Since we are all prosumers now, it can readily be seen that homes will soon become more like offices. Today’s IT revolution, we are told, makes decentralised working methods feasible for large organisations; on the other hand, entrepreneurial individuals will be ‘information processors’ – and they will offer their skills from home. Given current technological developments in the telephone, the tv, the video machine and the personal computer, the home promises to be the locus classicus of dynamic British pet-food brand managers and dynamic British software inventors alike.
For home-as-office scenarists, Britain is likely to be in the vanguard of progress. After all, Britain is the world’s biggest enthusiast for video machines and personal computers. At the same time the decline of UK manufacturing and the greater weight of services in the UK economy have together made Britain more and more reliant on information. Finally Britain can lay claim to considerable expertise, if not in mainframe computers or microelectronics, then certainly in broadcasting media, software and telecommunications.

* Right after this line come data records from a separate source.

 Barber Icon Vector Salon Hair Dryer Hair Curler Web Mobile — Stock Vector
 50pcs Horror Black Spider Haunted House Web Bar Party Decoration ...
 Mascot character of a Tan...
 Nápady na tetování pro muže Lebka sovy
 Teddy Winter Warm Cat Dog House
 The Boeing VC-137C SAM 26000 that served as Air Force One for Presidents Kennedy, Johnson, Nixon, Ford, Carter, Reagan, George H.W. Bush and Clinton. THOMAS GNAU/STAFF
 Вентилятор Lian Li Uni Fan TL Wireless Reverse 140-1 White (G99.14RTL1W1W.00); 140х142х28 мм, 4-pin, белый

Maybe the ‘transputer’ chip made by Iann Barron’s INMOS will be no match for Yasuhiro Nakasone’s Very LargeScale Integration (VLSI) programme for the development of fifth generation computers. Maybe ICL’s expert systems will be no match for the Artificial Intelligence machines IBM comes up with as a result of Ronald Reagan’s Strategic Defence Initiative. But if the world does have a country on the verge of turning domestic life into office life, it promises to be Britain rather than Japan or America.
Anyway the whole issue of the home as office is now being taken seriously by designers all over the world. In America, Niels Diffrient has designed a multi-adjustable armchair – padded, if you please, in green leather – for sitting in at home while toying with chair-mounted keyboard and monitor. In Milan, Perry King and Santiago Miranda have long conducted research into products which fit both work and home contexts, while Michele de Lucchi has complicated matters still further by insisting on executive suites that look like living rooms (Designers Journal, May 1984). From all points of view, it appears, the boundaries between clerking and dwelling seem more blurred by the month.
Everything turned inside out
But will everything really pan out this way? One question immediately qualifies the smug prospectus outlined above, and that is this: if the boundaries between clerking and dwelling are more blurred, just where else are they clear any more? For just as the home may be turning into an office, so is it becoming a place for DIY, banking and shopping. Equally, shops now blend into leisure arenas, and vice versa. In the longer term, a development such as cellular radio threatens to turn cars into offices. Summing up, we can say that man’s artificial world has become fluid enough to give interior design a special function. Interior design now facilitates the transition of every individual from consumer to other roles – regardless, almost, of his or her immediate surroundings.
So the home as office may be nothing very special. It could be merely a small part of a wider and more comprehensive shift in what the American historian Stephen Kern has termed The culture of time and space (Weidenfeld, 1984). As in Kern’s chosen period, the turn of the century, we may now be entering an epoch in which methods of temporal and spatial organisation change dramatically.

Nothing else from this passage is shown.